[RAW DATA — start]

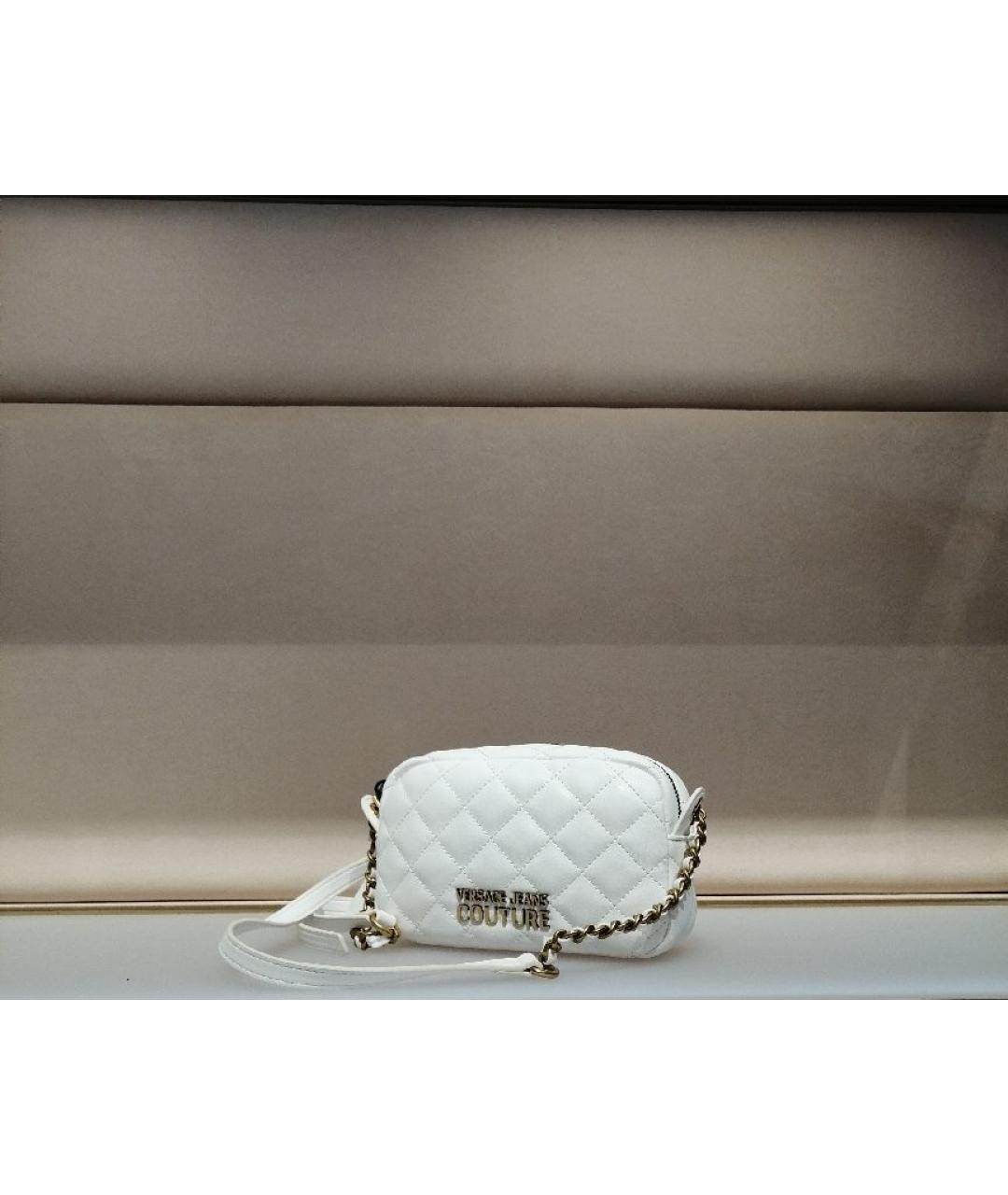 VERSACE JEANS COUTURE Белая сумка через плечо, фото 2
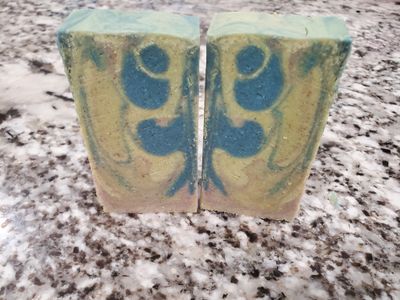 Lemon mint Scruby Soap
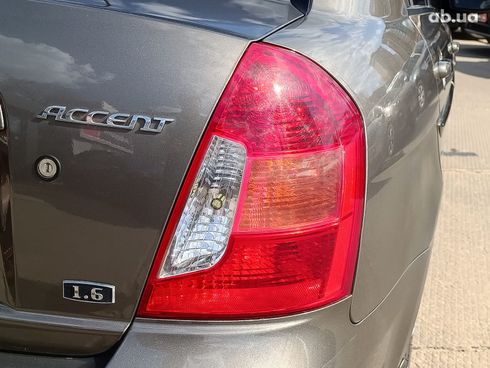 Hyundai Accent 2008 серый - фото 7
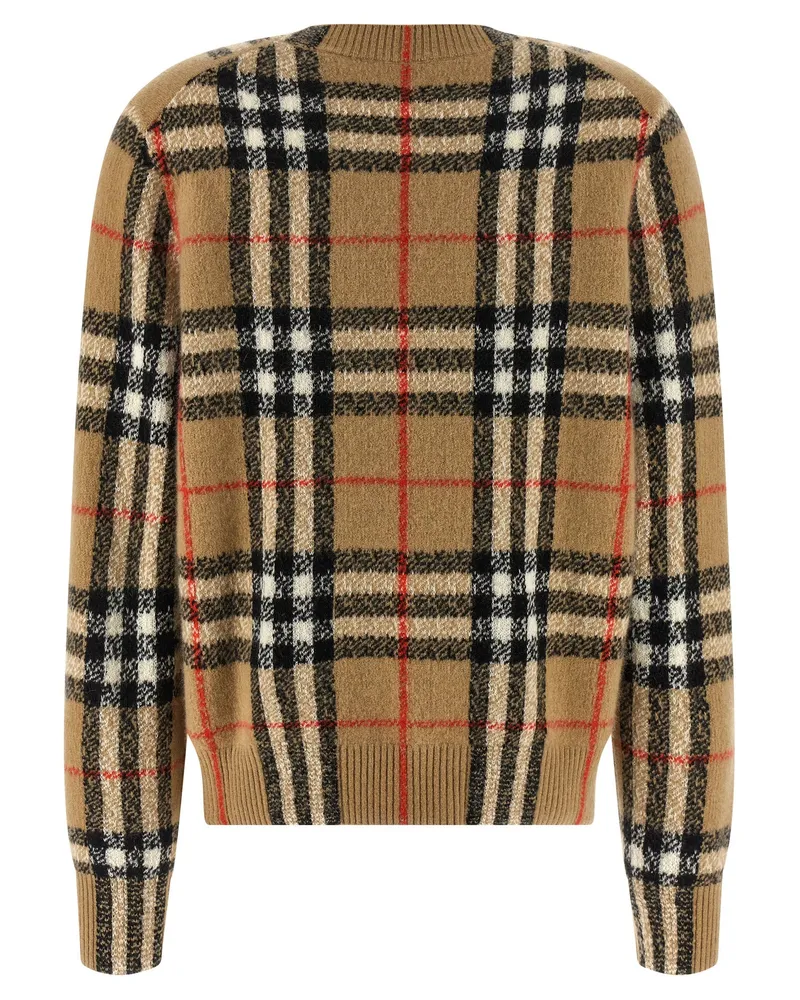 Burberry Women's Beige Cashmere Cardigan Clothing Beige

[RAW DATA — finish]

(TASK DETAILS)
Each line from the one with "Lemon mint Scruby Soap" to the end of the material needs to be output word for word, with no picture included.

(SOLUTION)
 Lemon mint Scruby Soap
 Hyundai Accent 2008 серый - фото 7
 Burberry Women's Beige Cashmere Cardigan Clothing Beige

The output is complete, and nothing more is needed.